A cozinha do dia-a-dia
Tenho de reparar hoje uma grande injustiça. Quem me ler julgará que eu sou o grande cozinheiro cá em casa. Nada mais falso, só vou para a cozinha ao fim de semana ou em dia de grande inspiração e de muita paciência. Quem aguenta o dia-a-dia, afinal o essencial, é a minha mulher, já em terceira geração de grandes cozinheiras. Em sua homenagem, aqui vai o meu almoço de ontem, uma garoupa assada em molho suave.
Esta nota também é uma provocação, de brincadeira (mas, a brincar, a brincar...). Alguns leitores perguntarão "mas isto merece publicação?" Idealmente, a cozinha do dia-a-dia devia ser rápida, fácil, barata e de boa qualidade. É difícil tudo. Rápida, obrigatoriamente; fácil, tanto quanto possível, até porque rápido e difícil são pouco compatíveis; barato é coisa relativa; boa qualidade talvez seja exigir demais, mas o que não quer dizer comer porcarias. É tudo uma questão de bom senso e de bom gosto.

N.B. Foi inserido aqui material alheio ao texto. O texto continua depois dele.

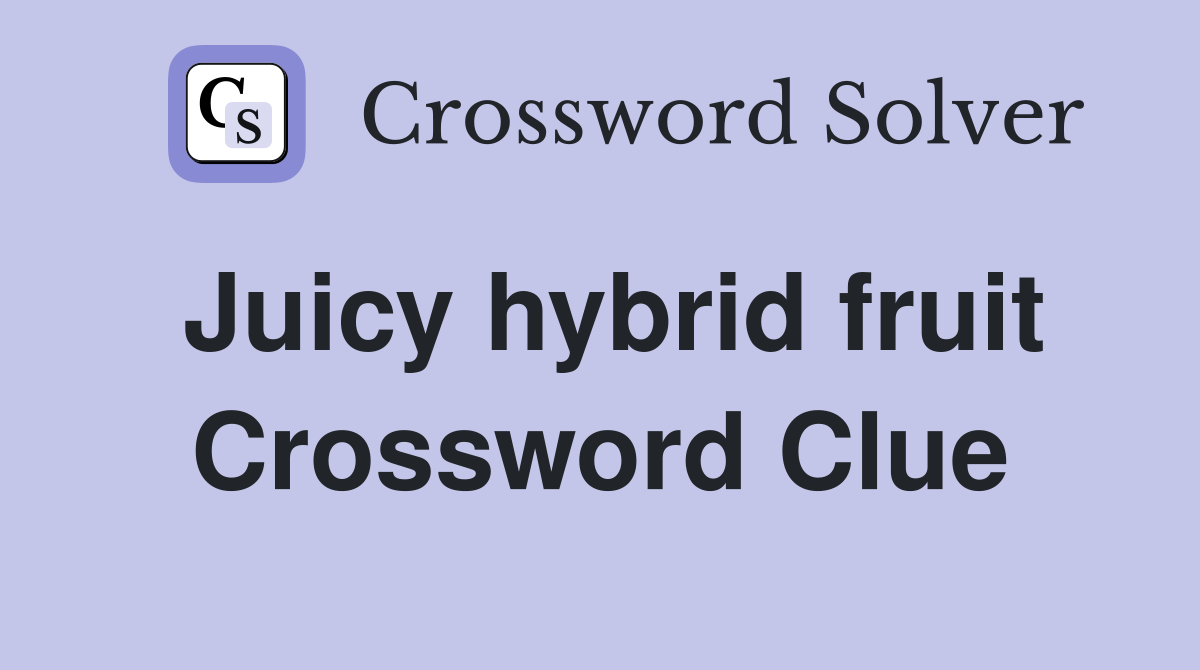 Juicy hybrid fruit Crossword Clue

Cá em casa, garoupa é coisa frequente, assumidamente de origem açoriana. Geralmente, é a garoupinha pequena da minha terra, excelente para fritar. Desta vez, a G comprou uma garoupa média, de cerca de 1,3 kg, aquela que na minha terra se usa para assar ou rechear. Para rechear, coisa excelente de que hei-de falar, não dá tempo agora.
Ela viu que eu tinha no frigorífico, minha preparação semanal de fundos, um "fumet". Não estava com tempo para tratar de legumes ou estufados, achou que o "fumet" já daria bom gosto a legumes. Ligou o forno a aquecer a 180º e, entretanto, pôs o peixe numa assadeira, temperado com um pouco de sal e bem coberto com lascas de manteiga. No fundo da assadeira, 2 dl de "fumet", 1 dl de vinho branco, 1 cálice de verdelho meio seco e uma cs de ervas finas, picadas e secas, de pacote (não se escandalizem os puristas: porque não no dia-a-dia?).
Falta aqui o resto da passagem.